Fleuristin Lionel, directeur du Conseil national de financement populaire (KNFP) est à l’origine des Makons. Conscient que l’expérience peut encore tâtonner et parfois susciter du scepticisme, il reste néanmoins déterminé : «Grâce au soutien du CCFD-Terre Solidaire, nous accompagnons les Makons depuis sept ans pour créer un réseau d’organisations et devenir force de proposition. »
Pour prouver l’importance de ces espaces, il prend l’exemple de la Caisse populaire de Gros-Morne, un imposant bâtiment situé au centre ville. «Les paysans sont à l’origine de cette caisse mais finalement l’initiative a été récupérée par l’élite locale qui l’a transformée à ses fins. Dans cette société profondément inégalitaire, l’initiative leur échappe une fois de plus.»
En cette année électorale, il reconnaît les limites de ce qu’il est convenu d’appeler la «société civile». «J’ai un grand regret, alors que ces élections devraient représenter une opportunité, en particulier pour les mouvements paysans, elles sont à présent une menace. »
Une blague circule à Port-au-Prince : « Vous mettez quatre leaders sous un poteau électrique et ils créent six partis politiques ! »
Le père Kawas François, responsable d’un centre de recherche Cerfas, également partenaire du CCFD-Terre Solidaire [[Centre de recherche, de réflexion, de formation et d’action sociale.]], souligne les acquis depuis la chute de Duvalier : le droit d’expression et le droit d’association sont effectifs.
Mais l’expérience démocratique dans un contexte d’extrême pauvreté rend les acteurs plus vulnérables à la corruption et à la défense des intérêts personnels.

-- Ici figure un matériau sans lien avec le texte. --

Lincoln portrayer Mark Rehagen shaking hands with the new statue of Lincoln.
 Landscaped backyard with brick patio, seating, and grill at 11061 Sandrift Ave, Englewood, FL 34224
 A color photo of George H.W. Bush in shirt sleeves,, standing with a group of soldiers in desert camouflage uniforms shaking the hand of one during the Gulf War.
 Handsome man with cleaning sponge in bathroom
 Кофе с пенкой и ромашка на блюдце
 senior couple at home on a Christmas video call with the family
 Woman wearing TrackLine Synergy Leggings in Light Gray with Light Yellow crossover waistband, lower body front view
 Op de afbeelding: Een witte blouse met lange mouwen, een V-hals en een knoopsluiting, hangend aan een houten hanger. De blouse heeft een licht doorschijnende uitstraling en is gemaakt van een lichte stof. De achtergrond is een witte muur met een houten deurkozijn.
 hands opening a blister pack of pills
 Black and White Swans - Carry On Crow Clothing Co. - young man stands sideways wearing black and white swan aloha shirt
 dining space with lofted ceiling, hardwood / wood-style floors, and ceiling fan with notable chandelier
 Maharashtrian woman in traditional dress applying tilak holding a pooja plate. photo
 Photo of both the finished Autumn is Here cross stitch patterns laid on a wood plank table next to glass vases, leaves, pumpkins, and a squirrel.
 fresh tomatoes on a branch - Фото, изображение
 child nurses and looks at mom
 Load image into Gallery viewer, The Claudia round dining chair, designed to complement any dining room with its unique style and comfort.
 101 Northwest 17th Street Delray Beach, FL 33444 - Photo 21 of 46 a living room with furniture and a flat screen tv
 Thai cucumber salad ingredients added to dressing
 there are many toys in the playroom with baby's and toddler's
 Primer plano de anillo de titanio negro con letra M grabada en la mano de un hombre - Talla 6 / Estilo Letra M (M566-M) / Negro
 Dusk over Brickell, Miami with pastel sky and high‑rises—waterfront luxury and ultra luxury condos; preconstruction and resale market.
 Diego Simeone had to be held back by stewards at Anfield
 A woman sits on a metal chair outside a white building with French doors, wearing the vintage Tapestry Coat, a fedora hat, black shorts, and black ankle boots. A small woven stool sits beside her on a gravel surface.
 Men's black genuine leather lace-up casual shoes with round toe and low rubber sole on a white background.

Le jésuite s’exprime sans détour : « La politique est rentable en Haïti, on se sert et on s’enrichit vite ! En l’absence de garde-fous, on observe une lutte des élites pour contrôler les ressources, qu’il s’agisse des recettes publiques, de l’argent de la coopération internationale ou de la drogue. »
Ce reportage a été publié dans Faim et Développement d’octobre 2015 dans le cadre d’un dossier spécial sur les élections à Haïti.